** SUPPLIED ENTRIES follows **

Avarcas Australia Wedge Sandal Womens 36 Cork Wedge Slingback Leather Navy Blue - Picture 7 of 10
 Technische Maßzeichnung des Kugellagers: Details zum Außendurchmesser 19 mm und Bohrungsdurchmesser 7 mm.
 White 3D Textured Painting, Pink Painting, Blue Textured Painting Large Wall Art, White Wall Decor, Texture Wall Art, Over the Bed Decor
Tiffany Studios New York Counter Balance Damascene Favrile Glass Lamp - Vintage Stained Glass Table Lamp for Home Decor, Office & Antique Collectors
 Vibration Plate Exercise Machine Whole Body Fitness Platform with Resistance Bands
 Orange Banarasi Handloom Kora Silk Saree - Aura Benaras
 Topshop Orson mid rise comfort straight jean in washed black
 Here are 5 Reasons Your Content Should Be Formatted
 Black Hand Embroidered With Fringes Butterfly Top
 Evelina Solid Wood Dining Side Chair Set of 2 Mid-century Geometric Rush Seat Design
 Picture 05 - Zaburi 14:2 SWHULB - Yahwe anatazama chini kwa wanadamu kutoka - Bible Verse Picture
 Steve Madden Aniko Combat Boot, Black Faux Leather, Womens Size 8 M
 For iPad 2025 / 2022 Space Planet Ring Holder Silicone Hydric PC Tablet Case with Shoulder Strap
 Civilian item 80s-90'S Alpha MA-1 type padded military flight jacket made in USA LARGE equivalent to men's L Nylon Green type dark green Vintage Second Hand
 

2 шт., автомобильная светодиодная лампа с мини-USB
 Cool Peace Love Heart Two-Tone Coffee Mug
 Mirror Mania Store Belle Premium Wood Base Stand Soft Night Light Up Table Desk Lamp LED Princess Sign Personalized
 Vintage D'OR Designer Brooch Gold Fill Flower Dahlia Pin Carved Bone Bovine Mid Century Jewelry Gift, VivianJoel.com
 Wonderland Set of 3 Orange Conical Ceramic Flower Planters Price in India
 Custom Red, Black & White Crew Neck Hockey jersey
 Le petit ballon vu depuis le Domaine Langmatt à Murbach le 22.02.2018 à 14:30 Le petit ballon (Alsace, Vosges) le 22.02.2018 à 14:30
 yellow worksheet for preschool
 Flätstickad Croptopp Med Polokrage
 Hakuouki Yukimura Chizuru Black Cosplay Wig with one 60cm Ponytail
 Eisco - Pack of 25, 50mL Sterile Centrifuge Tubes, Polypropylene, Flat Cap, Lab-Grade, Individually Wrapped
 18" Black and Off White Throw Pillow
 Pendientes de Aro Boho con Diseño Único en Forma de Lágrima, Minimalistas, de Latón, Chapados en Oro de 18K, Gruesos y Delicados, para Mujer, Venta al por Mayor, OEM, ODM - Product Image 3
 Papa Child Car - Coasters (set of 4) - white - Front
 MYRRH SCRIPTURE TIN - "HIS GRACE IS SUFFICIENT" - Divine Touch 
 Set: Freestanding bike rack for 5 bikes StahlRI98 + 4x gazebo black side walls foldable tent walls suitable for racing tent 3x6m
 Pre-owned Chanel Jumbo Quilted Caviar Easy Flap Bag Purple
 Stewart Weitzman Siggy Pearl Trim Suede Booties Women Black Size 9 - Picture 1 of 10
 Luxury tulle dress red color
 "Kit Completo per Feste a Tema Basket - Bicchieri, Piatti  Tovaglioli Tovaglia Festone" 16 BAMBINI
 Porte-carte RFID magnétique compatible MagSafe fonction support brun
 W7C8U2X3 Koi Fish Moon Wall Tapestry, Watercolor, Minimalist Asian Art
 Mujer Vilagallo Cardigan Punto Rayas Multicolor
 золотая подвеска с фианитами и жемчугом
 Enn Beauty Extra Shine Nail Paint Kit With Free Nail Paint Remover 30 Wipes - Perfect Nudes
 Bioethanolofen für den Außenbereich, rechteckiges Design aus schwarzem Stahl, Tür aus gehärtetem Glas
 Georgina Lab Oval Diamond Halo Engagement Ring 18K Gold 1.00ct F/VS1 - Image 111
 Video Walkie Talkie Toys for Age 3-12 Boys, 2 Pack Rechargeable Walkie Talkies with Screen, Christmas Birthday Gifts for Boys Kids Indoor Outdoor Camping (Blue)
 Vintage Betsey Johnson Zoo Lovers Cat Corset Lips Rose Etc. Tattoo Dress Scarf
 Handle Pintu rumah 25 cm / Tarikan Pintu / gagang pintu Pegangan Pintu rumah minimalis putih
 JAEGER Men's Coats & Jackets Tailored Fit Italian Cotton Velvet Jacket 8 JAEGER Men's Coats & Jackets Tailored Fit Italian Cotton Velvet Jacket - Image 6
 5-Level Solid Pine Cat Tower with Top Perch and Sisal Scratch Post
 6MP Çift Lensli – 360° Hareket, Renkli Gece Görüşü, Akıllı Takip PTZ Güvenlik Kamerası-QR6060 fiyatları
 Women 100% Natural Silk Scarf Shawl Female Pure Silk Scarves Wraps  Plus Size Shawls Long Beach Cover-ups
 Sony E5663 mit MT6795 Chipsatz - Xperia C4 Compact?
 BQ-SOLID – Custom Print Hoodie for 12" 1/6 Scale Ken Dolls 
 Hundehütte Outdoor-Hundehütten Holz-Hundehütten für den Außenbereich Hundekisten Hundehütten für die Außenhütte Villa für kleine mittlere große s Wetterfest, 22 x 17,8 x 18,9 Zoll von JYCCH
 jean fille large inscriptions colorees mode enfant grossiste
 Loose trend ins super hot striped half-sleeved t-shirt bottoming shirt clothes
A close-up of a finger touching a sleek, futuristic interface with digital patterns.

** End of SUPPLIED ENTRIES **

**TASK:**
Could you repeat exactly the lines above from the line with "Mirror Mania Store" up to and including the line with "MYRRH SCRIPTURE TIN", and only those?

**FINISHED TASK:**
 Mirror Mania Store Belle Premium Wood Base Stand Soft Night Light Up Table Desk Lamp LED Princess Sign Personalized
 Vintage D'OR Designer Brooch Gold Fill Flower Dahlia Pin Carved Bone Bovine Mid Century Jewelry Gift, VivianJoel.com
 Wonderland Set of 3 Orange Conical Ceramic Flower Planters Price in India
 Custom Red, Black & White Crew Neck Hockey jersey
 Le petit ballon vu depuis le Domaine Langmatt à Murbach le 22.02.2018 à 14:30 Le petit ballon (Alsace, Vosges) le 22.02.2018 à 14:30
 yellow worksheet for preschool
 Flätstickad Croptopp Med Polokrage
 Hakuouki Yukimura Chizuru Black Cosplay Wig with one 60cm Ponytail
 Eisco - Pack of 25, 50mL Sterile Centrifuge Tubes, Polypropylene, Flat Cap, Lab-Grade, Individually Wrapped
 18" Black and Off White Throw Pillow
 Pendientes de Aro Boho con Diseño Único en Forma de Lágrima, Minimalistas, de Latón, Chapados en Oro de 18K, Gruesos y Delicados, para Mujer, Venta al por Mayor, OEM, ODM - Product Image 3
 Papa Child Car - Coasters (set of 4) - white - Front
 MYRRH SCRIPTURE TIN - "HIS GRACE IS SUFFICIENT" - Divine Touch 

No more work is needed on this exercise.